Keywords

1 Introduction

The clothing industry amounts for one of the most important selling segments in e-commerce worldwideFootnote 1. Furthermore, the majority of online shopping happens spontaneous, often based on popular trends displayed on television (TV) [1], i.e., consumers actively search based on what their role models wear on TV. Currently, no automatic tool exists that is able to link the digital wardrobe of an actor to the same clothes visually displayed on a TV screen. The consumer’s search for similar clothing is mostly based on the actors branding and a rough textual description of the type and color. Such strategy does not enable people to efficiently find similar clothes. In this paper, we propose a solution for spatio-temporal recognition and annotation of clothing in video content. Our system significantly reduces the required efforts for consumers to find interesting items. The main focus of this paper is on the spatio-temporal recognition of clothes in video shots. In addition, we also introduce a novel keyframe selection mechanism, effectively reducing the set of relevant frames. By limiting the amount of keyframes, while still maintaining all relevant information present in the video, significant time, needed to label and predict clothing matches for a video shot, can be gained.

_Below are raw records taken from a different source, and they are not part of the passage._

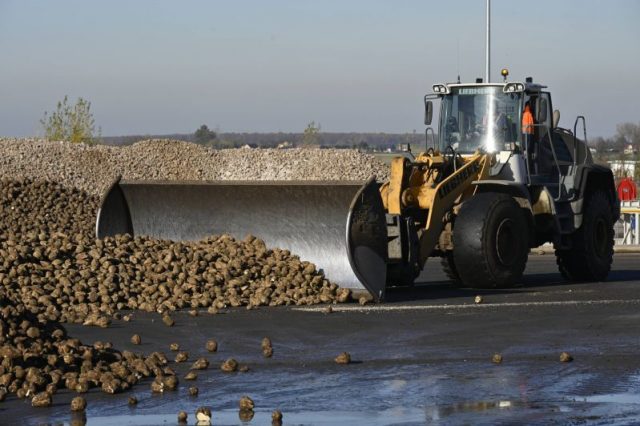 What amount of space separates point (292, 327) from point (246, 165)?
91.6ft

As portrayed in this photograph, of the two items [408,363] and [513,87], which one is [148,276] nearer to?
[408,363]

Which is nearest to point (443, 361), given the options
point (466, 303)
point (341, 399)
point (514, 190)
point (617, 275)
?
point (341, 399)

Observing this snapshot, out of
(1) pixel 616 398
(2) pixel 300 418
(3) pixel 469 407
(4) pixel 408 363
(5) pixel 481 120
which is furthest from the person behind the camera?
(5) pixel 481 120

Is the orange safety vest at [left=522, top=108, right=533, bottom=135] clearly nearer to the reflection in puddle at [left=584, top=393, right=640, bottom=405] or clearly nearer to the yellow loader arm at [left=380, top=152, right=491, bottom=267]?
the yellow loader arm at [left=380, top=152, right=491, bottom=267]

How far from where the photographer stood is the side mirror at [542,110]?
55.4ft

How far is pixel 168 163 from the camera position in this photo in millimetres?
39031

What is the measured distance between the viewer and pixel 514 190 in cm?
1666

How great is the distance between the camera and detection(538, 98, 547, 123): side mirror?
16.9 m

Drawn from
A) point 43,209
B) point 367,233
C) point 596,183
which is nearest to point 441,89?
point 596,183

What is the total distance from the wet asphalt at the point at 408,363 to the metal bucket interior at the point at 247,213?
3.69ft

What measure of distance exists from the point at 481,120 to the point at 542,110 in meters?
0.82

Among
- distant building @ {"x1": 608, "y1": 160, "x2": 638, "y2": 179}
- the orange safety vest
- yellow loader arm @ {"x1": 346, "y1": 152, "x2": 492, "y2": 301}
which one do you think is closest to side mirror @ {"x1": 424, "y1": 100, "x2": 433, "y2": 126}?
yellow loader arm @ {"x1": 346, "y1": 152, "x2": 492, "y2": 301}

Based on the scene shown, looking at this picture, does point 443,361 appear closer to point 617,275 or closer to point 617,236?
point 617,275

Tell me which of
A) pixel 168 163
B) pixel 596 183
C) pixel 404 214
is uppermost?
pixel 596 183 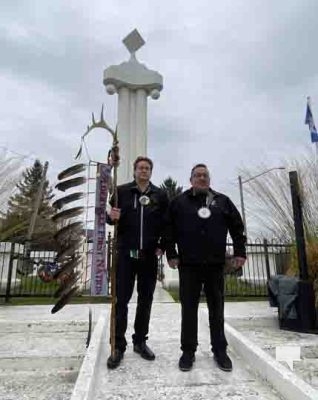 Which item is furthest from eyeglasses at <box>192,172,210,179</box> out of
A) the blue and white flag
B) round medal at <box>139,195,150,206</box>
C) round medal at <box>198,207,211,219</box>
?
the blue and white flag

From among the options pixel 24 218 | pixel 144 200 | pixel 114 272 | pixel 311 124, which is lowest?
pixel 114 272

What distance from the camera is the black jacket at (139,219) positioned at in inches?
120

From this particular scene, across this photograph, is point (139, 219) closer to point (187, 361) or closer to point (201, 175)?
point (201, 175)

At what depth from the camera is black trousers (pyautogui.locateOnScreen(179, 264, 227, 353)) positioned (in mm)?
2932

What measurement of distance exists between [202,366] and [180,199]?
4.38 feet

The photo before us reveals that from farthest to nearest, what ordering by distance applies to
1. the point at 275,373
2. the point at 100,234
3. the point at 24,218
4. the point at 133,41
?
the point at 24,218, the point at 133,41, the point at 100,234, the point at 275,373

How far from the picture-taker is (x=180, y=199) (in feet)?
10.3

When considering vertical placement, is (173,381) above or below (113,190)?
below

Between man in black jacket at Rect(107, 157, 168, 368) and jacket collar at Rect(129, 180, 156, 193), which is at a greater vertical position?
jacket collar at Rect(129, 180, 156, 193)

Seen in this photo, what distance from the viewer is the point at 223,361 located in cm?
286

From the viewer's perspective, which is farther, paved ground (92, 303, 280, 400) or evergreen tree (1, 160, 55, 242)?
evergreen tree (1, 160, 55, 242)

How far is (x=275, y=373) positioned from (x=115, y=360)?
1.18 meters

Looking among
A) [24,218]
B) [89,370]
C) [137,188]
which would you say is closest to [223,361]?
[89,370]

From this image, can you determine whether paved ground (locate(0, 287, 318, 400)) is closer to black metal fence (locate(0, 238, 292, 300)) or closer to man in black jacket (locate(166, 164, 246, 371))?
man in black jacket (locate(166, 164, 246, 371)) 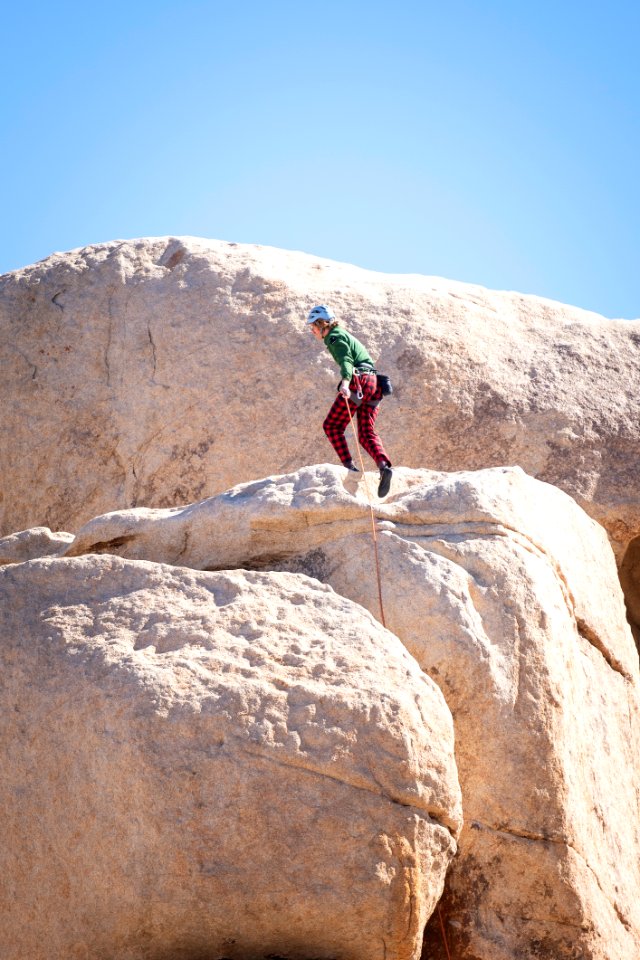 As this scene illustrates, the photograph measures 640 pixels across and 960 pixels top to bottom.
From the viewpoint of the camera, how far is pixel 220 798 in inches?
190

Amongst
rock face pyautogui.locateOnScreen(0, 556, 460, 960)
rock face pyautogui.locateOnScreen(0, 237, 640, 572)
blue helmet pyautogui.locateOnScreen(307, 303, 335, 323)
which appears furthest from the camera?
rock face pyautogui.locateOnScreen(0, 237, 640, 572)

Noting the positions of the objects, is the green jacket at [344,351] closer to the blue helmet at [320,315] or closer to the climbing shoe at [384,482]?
the blue helmet at [320,315]

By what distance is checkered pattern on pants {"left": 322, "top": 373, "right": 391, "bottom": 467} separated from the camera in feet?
26.3

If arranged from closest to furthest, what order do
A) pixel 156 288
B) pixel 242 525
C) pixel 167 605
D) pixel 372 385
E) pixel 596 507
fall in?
1. pixel 167 605
2. pixel 242 525
3. pixel 372 385
4. pixel 596 507
5. pixel 156 288

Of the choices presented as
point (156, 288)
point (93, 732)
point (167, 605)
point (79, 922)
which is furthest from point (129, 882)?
point (156, 288)

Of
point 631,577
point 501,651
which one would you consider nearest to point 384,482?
point 501,651

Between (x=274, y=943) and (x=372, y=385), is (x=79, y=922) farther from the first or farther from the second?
(x=372, y=385)

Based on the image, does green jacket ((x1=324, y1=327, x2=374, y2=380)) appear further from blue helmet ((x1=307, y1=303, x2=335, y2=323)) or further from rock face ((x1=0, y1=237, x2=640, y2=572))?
rock face ((x1=0, y1=237, x2=640, y2=572))

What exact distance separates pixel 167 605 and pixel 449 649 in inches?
61.4

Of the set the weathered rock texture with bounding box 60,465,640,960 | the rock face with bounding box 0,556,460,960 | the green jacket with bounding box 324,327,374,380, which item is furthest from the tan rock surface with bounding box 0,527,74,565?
the green jacket with bounding box 324,327,374,380

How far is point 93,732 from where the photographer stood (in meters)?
5.03

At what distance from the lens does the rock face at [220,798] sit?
15.7ft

The remainder of this paper is organized as follows. Section 2 gives an overview of the proposed framework. Subsequently, Sect. 3 proposes the workflow of the video summarization algorithm. Furthermore, Sect. 4 focuses on the clothing annotation and recognition. In Sect. 5, we present the tool for manual verification of the clothing tagging and we demonstrate our approach on an exemplary TV application. Finally, Sect. 6 lists the conclusions.

2 Framework

The proposed architecture, shown in Fig. 1, consists of 3 main building blocks: (a) a low-complexity video summarization algorithm; (b) a region-of interest (ROI) selection based on face detection; and (c) feature-based clothing object annotation. The generated results are stored in an XML or JSON file depicting the different clothing matches, the video timestamp (frame number) and the spatial location in the keyframe.

Fig. 1.
figure 1

Modular architecture for spatio-temporal wardrobe generation of video content

The video summarization, i.e., the first building block, is subdivided into three steps, namely: a keyframe selection mechanism (Sect. 3.1), followed by a quality analysis in order to find the best representative frame of a shot (Sect. 3.2), and finally a keyframe similarity mechanism (Sect. 3.3) to reduce the amount of similar keyframes. The final set of distinct keyframes is used as input for the second part of our architecture, i.e., the face detection module (Sect. 4.1), and clothes region selector (Sect. 4.2). The predicted ROI (depicting the region of clothes) and the information concerning the coordinates of the face are used as inputs for the final step of our system, namely the clothing matching based on a coarse to fine strategy (Sect. 4.4).

3 Video Summarization

The automatic understanding and summarization of video content is a challenging problem. The main goal is to reduce the amount of data (frames) by filtering out redundant and unnecessary frames, while preserving only those frames, distinctive and essential to capture the entire video content. A lot of research has been done in the area of video summarization. Ajmal et al. [2], for example, give an overview of the different techniques and classification methods that are commonly used in literature, e.g., feature classification [3], clustering [4], shot selection [5] and trajectory analysis [6]. The focus of this paper will be on shot selection and detection [79]. The main research challenge is to properly cope with camera movements within a shot. In order to tackle this issue, we present a grid-based histogram shot detection method. In combination with an additional quality analysis step, this technique gives us the best frame for each shot, i.e., the frame with the most optimal lightning and contrast. Finally, we generate a list of keyframes, where each frame represents a new viewpoint of a scene. A camera shift between one actor to an other, for example, results in two shots. The proposed mechanism is suitable for non-fixed camera movements and works without significant content knowledge. Compared to Baraldi et al. [10], which recently proposed a novel hierarchical clustering based video summarization algorithm, we focus on finding the best representative keyframe within each shot, while they focus on segmenting broadcast videos into coherent shots/scenes.

3.1 Keyframe Selection

The proposed approach for keyframe selection is based on local histogram analysis on a 5-by-5 grid. Compared to state-of-the-art temporal shot selection algorithms [79] it is able to cope with fast camera movements, zoom gestures, gradual shot transitions, and similar scene discrimination. An evaluation on a dataset of 400 scenes from different kinds of commercial video content (cooking programs, TV series, clothing styling programs, film trailers) results in a recall of 96 % and a precision of 90 %. The proposed algorithm performs especially well on detecting hard and gradual shots, making it suitable to process multiple types of video content. The main limitation of the histogram grid based shot detection is that it fails to cope with similar scenes. However, this problem is tackled in Sect. 3.3. Furthermore, in order to cope with gradual shots, such as blends and fades, the amount of frames after the last detected transition is counted. By comparing this amount to an experimentally defined threshold, we decide whether to consider it as a new or the same transition. In this way, we successfully manage to detect both gradual and abrupt scene transitions.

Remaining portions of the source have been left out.